Conventionally, In a two-tail test, the null hypothesis states that the true population mean (μo) is equal to the hypothesized mean value (μ). We fail to reject the null hypothesis if the test statistic lies within the range of critical values at the chosen significance level. In this article let us discuss the probability percentage of type II error for a two-tail test of the population mean with known variance.

Type II error is an error that occurs if the hypothesis test based on a random sample fails to reject the null hypothesis even when the true population mean μo is not equal to the hypothesized mean value μ.

Here the assumption is the population variance σ2  is known. From Central Limit Theorem (CLT), the population. the sample means of all possible samples of a population approximately follow a normal distribution. Based on this fact, we can compute the range of sample means for which the type II error can occur, and obtain an estimate of the probability of type II error.

Let us try to understand the type II error by considering a case study. 

Suppose the mean weight of boxers in Asia last year was 75.4 kg. In a sample of 35 boxers same time this year in the same region, the mean boxer’s weight is 74.6 kg. Assume the population standard deviation is 2.5 kg. At the .05 significance level, can we reject the null hypothesis that the mean boxer’s weight does not differ from last year?


The null hypothesis is that μ = 75.4. Let us compute the test statistic.

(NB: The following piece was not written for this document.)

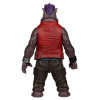 Mc Farlane TMNT - Pugnalatori di pagine - Bebop - Teenage Mutant Ninja Turtles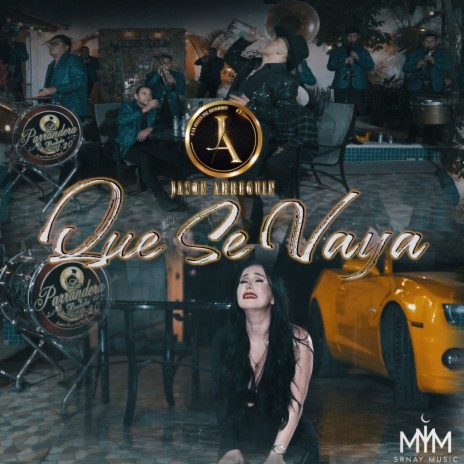 Que Se Vaya | Boomplay Music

xbar = 74.6 # sample mean 
mu0 = 75.4 # hypothesized value 
sigma = 2.5 # population standard deviation 
n = 35 # sample size 
z = (xbar-mu0)/(sigma/sqrt(n)) 



Now let us compute the critical values


alpha = .05 
z.half.alpha = qnorm(1-alpha/2) 
c(-z.half.alpha, z.half.alpha)


-1.95996398454005    1.95996398454005

The range of the critical values (-1.96 – +1.96) suggests that the test statistic -1.8931 lies well within the range. Hence, at the .05 significance level, we do not reject the null hypothesis that the mean boxer’s weight does not differ from last year.